Daily Archives: June 24, 2011

“Let’s Build a Compiler”

Ever wanted to write your own programming language? Defining one is easy (relatively speaking). Building the compiler for it…well, not so much. Usually, that’s where most people (including myself) stop. To solve this problem, Jack W. Crenshaw started a series titled, Let’s Build a Compiler where he covered the basics of building a simple compiler before starting to write a real one as the series continued. It was never finished and the last article appeared in 1995. Despite stopping short of a “real” compiler, it is an excellent starting point for those wanting to start building them.

The code used in the series was designed to run on Turbo Pascal 4.0 (from back in the 1980′s). While the code is old and the compiler to compile isn’t used anymore, it’s still compilable thanks to the Free Pascal project. Alternative, just get a copy of Bloodshed’s open source Dev-Pascal IDE which includes Free Pascal.

The assembly code that is being generated is for Motorola 68000 with the SK*DOS operating system. I don’t know of anyone with a device still running on that processor and operating system so the code may not be so useful in itself. However, M86K assembly is by far, easier to read and understand than more modern assembly languages such as x86. That really does help with understanding the code generator for those (including, again, myself) who have never written anything in assembly.
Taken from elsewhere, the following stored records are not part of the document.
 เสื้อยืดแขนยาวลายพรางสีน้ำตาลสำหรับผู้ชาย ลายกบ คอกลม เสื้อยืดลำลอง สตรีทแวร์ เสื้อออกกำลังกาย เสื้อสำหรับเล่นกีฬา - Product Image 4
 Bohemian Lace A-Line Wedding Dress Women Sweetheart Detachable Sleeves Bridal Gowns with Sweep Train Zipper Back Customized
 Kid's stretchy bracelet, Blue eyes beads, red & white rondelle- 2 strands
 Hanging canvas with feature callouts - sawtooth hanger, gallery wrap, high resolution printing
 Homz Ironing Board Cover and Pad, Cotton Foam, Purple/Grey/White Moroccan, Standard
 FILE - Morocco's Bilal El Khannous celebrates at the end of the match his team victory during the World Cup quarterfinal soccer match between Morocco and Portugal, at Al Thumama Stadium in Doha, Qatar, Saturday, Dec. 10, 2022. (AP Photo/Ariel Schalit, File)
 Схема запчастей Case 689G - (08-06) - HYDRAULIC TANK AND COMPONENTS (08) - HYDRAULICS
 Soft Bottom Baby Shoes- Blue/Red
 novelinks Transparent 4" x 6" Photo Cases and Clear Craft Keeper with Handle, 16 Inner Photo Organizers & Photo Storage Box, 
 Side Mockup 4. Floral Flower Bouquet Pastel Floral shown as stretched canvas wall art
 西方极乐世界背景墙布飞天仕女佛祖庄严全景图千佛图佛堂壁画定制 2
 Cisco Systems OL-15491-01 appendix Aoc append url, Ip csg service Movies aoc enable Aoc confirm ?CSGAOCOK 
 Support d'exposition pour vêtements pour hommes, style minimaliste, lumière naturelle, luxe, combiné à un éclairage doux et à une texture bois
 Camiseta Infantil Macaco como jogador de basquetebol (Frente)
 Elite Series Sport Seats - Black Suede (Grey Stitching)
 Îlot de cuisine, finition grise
All usefulness for the generated code is not lost however! The EASy68K program provides an open source interpreter for M68K assembly code. You can use it to make sure that the compiler works. Note that you will have to change the the Header() procedure which generates a header for SK*DOS (“WARMST  EQU $A01E”) which is not very useful in any way. Once you change that to something like “ORG    $1000″, then you should be able to run it properly.

If you really have that much of an issue with Pascal and M68K, there are alternatives. There is a translation of the entire series to Forth and x86 from 2005. There’s another version ported to C generating P-code. The site is unavailable at the time of this post so I’m attaching the compiler to the post. Note that it isn’t a direct translation and there are many changes. There are two more versions on this page of the Tiny language, one written in C and the other in C++ derived from the series. The first one is attached to the first post is in C and generates Propeller Assembly (PASM) code for small devices. I tested it and it works quite well. The second one, written in C++, is attached to the 8th post and generates x86 assembly for GNU/Linux and is compatible with the GNU Assembler so it may be of value for those wanting to extend their compilers into real world use. For those running on Intel Macs (couldn’t find any PowerPC version), here is another translation to C code producing x86 assembly with Mac headers. Finally, there’s a Haskell version complete with its own tutorial paralleling the original. The code generated is x86 and appears to work on Mac and Windows (I have not tested it so I can’t say for sure).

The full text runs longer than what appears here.